Tra una proiezione e l’altra, i mie occhi sono qui, che guardano dalla finestra la vita di Linh, che ogni mattina alla sei e’ gia’ in piedi a spazzare il cortile, a preparare un pasto per i suoi figli, a stendere il bucato sulla recinzione di casa. Anche Thuy e’ gia’ in piedi dall’alba. Invece di andare a scuola trascorrera’ le ore successive sul ciglio della strada a preparare polpettine di carne e brodo per tutti. Il piccolo ristorante di famiglia non conosce tregua e svaghi. Non li conosceva quando il Pil superava l’otto per cento, con picchi di inflazione pari al venti. E non li conosce ora, quando le aspettative parlano di una chiusura dell’anno fiscale al cinque per cento e la speranza di contenere l’aumento dei prezzi sotto le doppia cifra. Ieri come oggi, immersa in un frastuono e un traffico che ucciderebbe anche il più ammirato dei monaci zen, pronta a dispensare sorrisi e urlare ‘Bun cha’ a noi passanti distratti. Mentre Thuy lavora, bruciando davanti alla griglia legna, carbone e i migliori anni della sua giovane vita, il vecchio La Thoe cerca sempre più disperatamente, tra le strade impantanate di Rangoon, turisti bisognosi di una guida o che debbano cambiare dollari ed euro. Ma la nuova stagione birmana ha inaugurato banchi di cambio all’interno di alberghi e mediatori turistici con i quali non si può competere.
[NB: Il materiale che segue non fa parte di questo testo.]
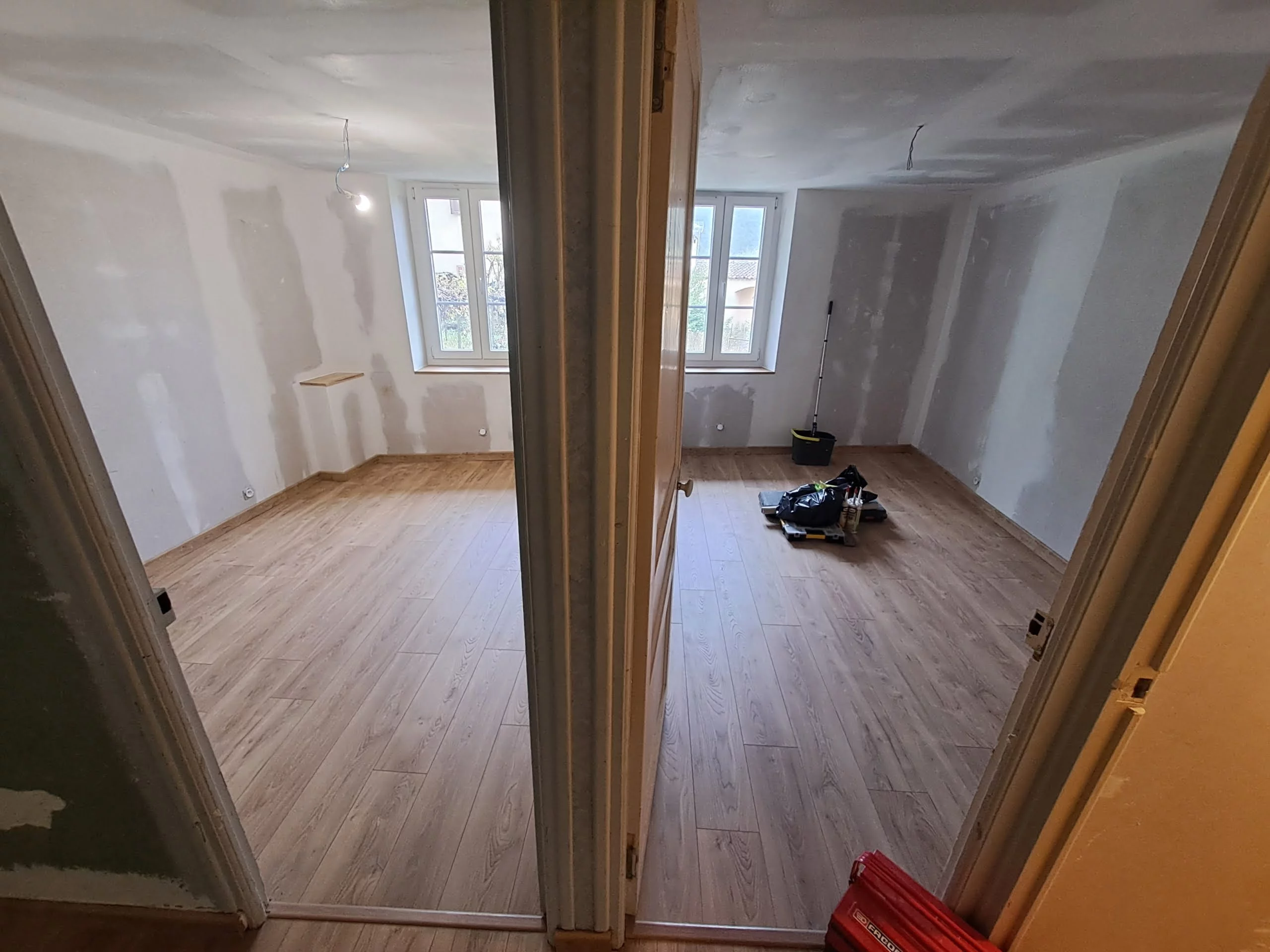 LES SUPER BATISSEURS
La tanto attesa legge sugli investimenti esteri e’ pronta, mentre al confine con il Bangladesh si muore davanti agli occhi inespressivi e le braccia conserte dei militari bamar. Tra le immagini di case in fiamme della comunita’ Rohingya, quella piu’ nitida e spaventosa arriva dai satelliti: un’enorme macchia bianca di cenere. Vite e speranze bruciate tra il silenzio che riecheggia anche nelle sale delle sedi di National League for Democracy, il partito per anni vittima e bersaglio degli ex generali e oggi guidato da una Suu Kyi libera di muoversi nello sfavillante palazzo parlamentare di Naypyidaw, la ‘sede dei Re’.

I nuovi Re di questa parte di mondo, “regione in crescita e di opportunita’”, a differenza di Sihanouk, non indossano piu’ la corona. Hanno abiti civili in stile europeo e firmano contratti per garantirsi un futuro da faraoni nel nome di un popolo o di un partito.